昔から不思議だったのが、源氏物語で天皇の寵愛を一身に受けた、桐壺の女御が同僚のイジメを受けたせいで、精神的にまいって亡くなったところ。

天皇という最強の後ろ盾があるはずなのに、どうしてイジメなんてできるんだ?そして愛しているくせに、どうして天皇は有効な手を打たなかったんだ?
それがこれ読んだらよく分かりました。
父が亡くなり、兄伊周が長徳の政変で配流(これは完全に伊周の自業自得。この苦労知らずでプライドだけ一人前の坊ちゃんじゃねぇ)、後ろ盾を亡くした定子。とたん、掌を返したように、世間は定子に冷淡になります。屈辱と絶望から、出産のため里帰りしていた定子は発作的に出家してしまいます。

 逆賊の家となり、尼となった定子に、貴族たちは「これはチャンス!」と立て続けに娘を二人、入内させます。その後、道長の娘彰子も入内してきます。
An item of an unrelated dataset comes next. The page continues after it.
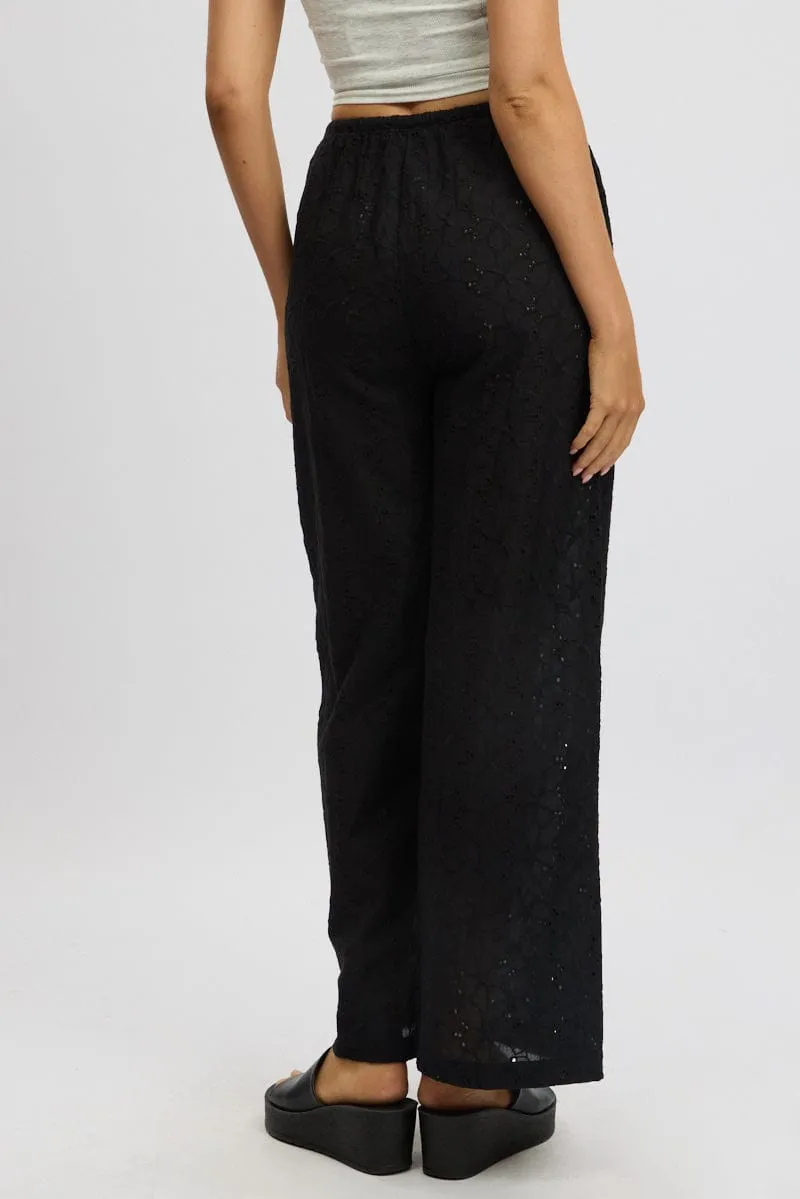 Black Wide Leg Pants High Rise Eyelet Fabric sold by Ally Fashion product image thumbnail 5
 それでも、一条天皇は定子を愛し続けますが、世間の反応は冷ややかなものでした。生まれた娘を一条天皇会わせようにも、参内のための資金が集まらない。「完全な出家ではなかったから」と苦しい言い訳をして定子を内裏に戻すも、転居への随行を命じたのに参上したのは、たった一人。

 誰も二人の復縁を歓迎しなかったのです。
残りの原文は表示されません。